- Task brief -
If any record holds an image, omit the image and print the rest exactly.

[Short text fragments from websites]
--- START ---

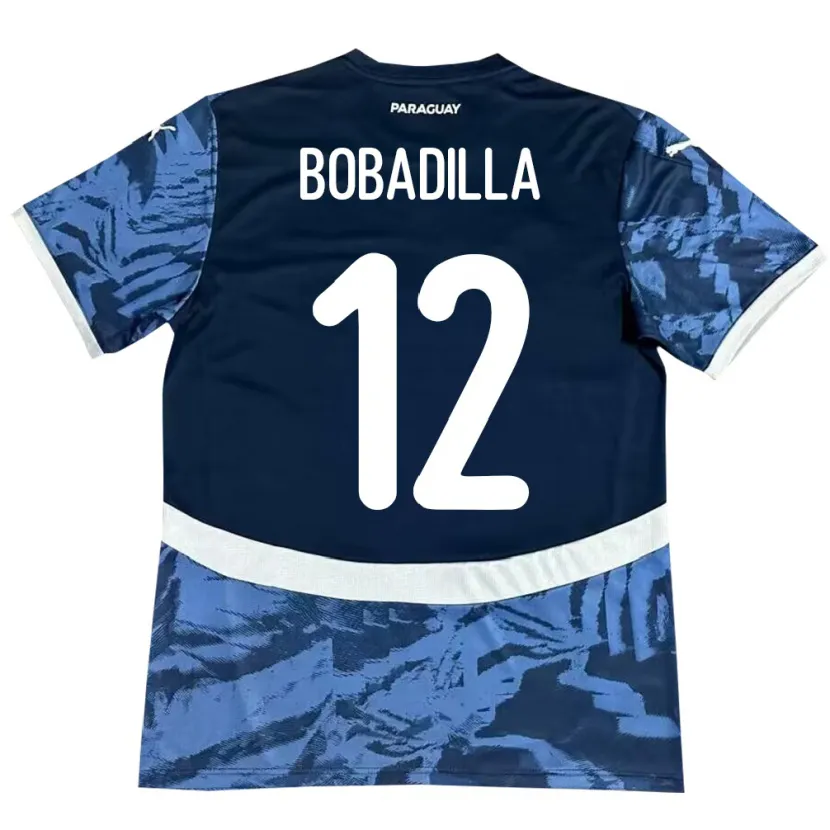 Danxen Børn Paraguay Alicia Bobadilla #12 Blå Udebane Spillertrøjer 24-26 Trøje T-Shirt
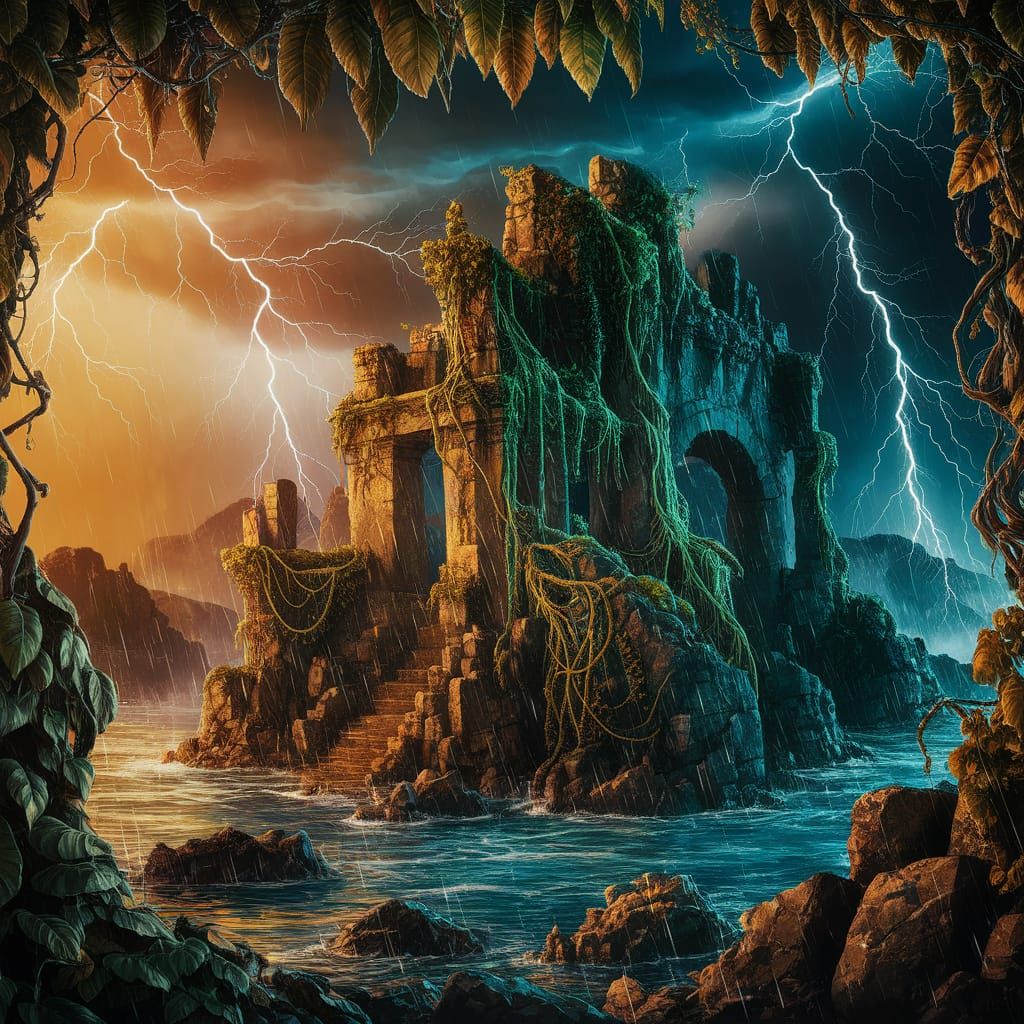 Tropical Island Fantasy Scene in Golden Hues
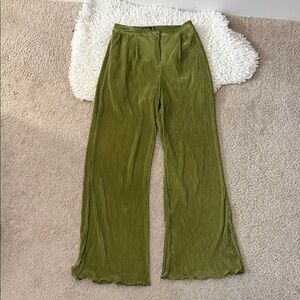 Nasty Gal Olive Wide Leg Pleated Pants
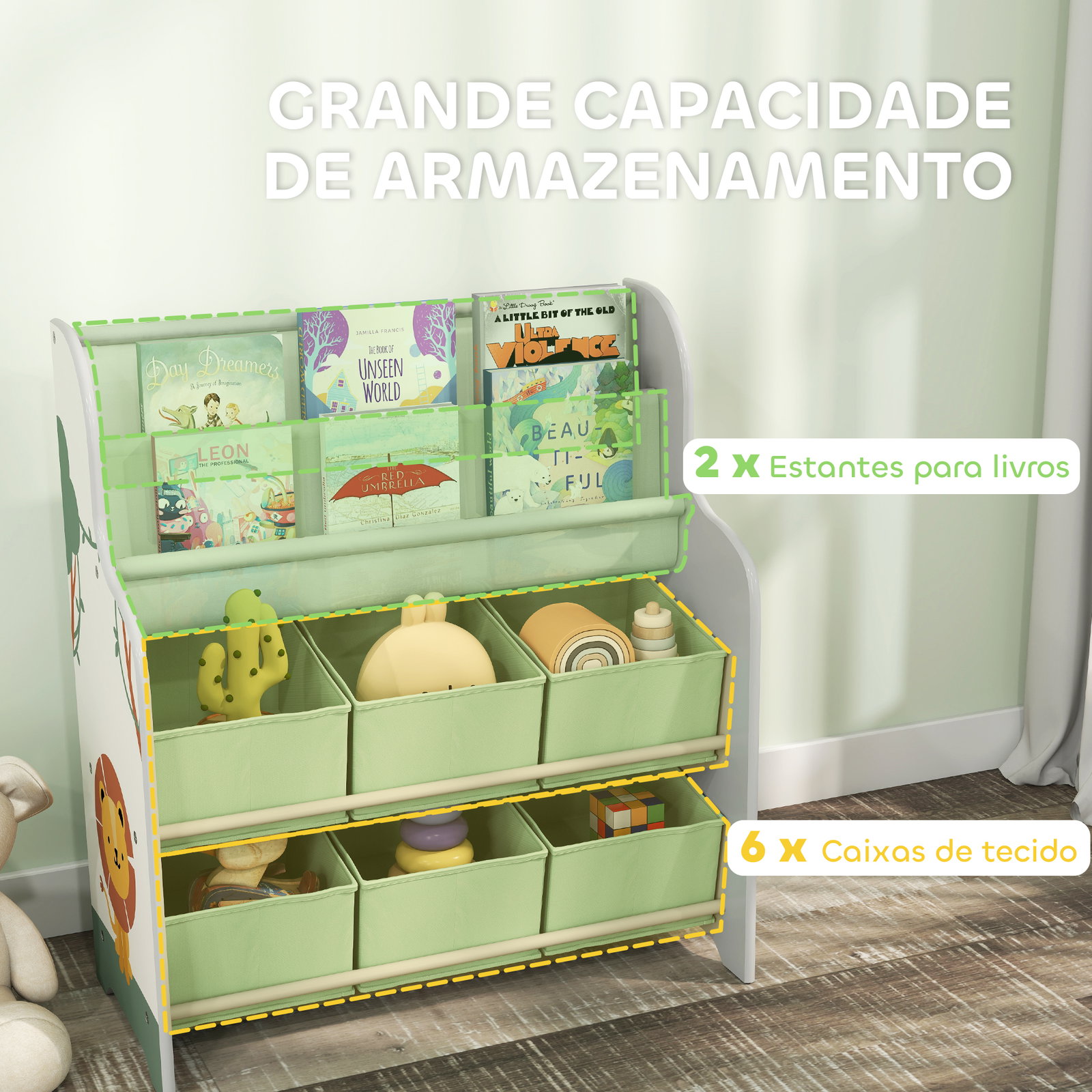 Estante infantil para brinquedos com 6 caixas de tecido não tecido organizador de brinquedos com 2 prateleiras 63x30x71 cm verde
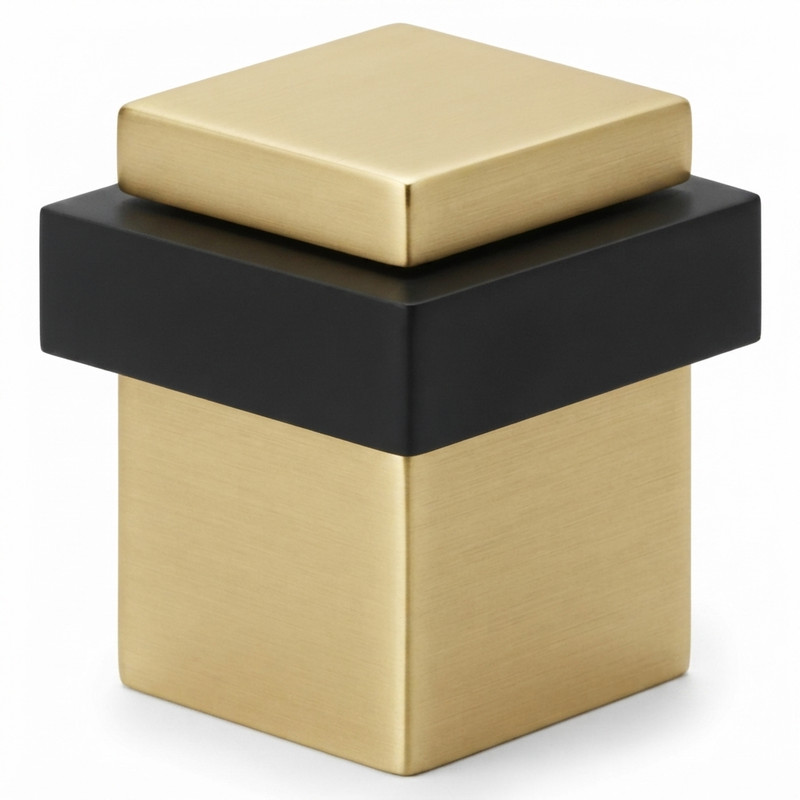 Square Floor Mount Door Stop 03, Satin Brass Finish, 304 Grade Stainless Steel Alloy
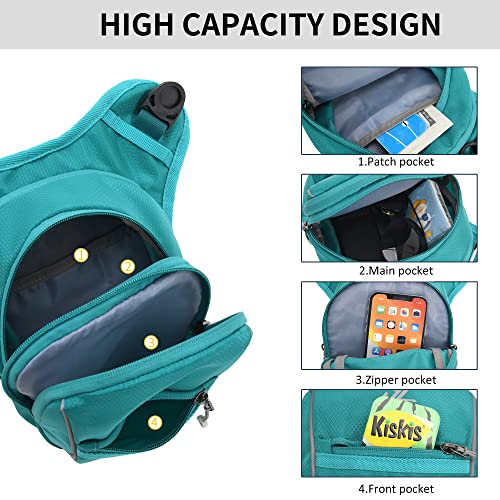 Peicees Motorcycle Leg Bag for Men Womens Thigh Bag, Expandable - color: Lake Blue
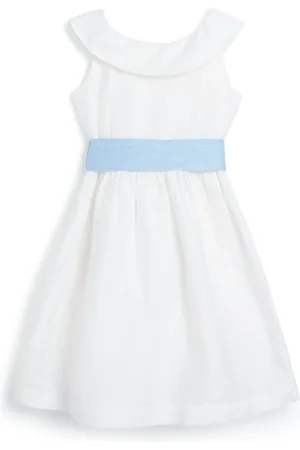 Il gufo Linen-Blend Bow-Belt Dress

--- END ---

- Reply to the task -
 Danxen Børn Paraguay Alicia Bobadilla #12 Blå Udebane Spillertrøjer 24-26 Trøje T-Shirt
 Tropical Island Fantasy Scene in Golden Hues
 Nasty Gal Olive Wide Leg Pleated Pants
 Estante infantil para brinquedos com 6 caixas de tecido não tecido organizador de brinquedos com 2 prateleiras 63x30x71 cm verde
 Square Floor Mount Door Stop 03, Satin Brass Finish, 304 Grade Stainless Steel Alloy
 Peicees Motorcycle Leg Bag for Men Womens Thigh Bag, Expandable - color: Lake Blue
 Il gufo Linen-Blend Bow-Belt Dress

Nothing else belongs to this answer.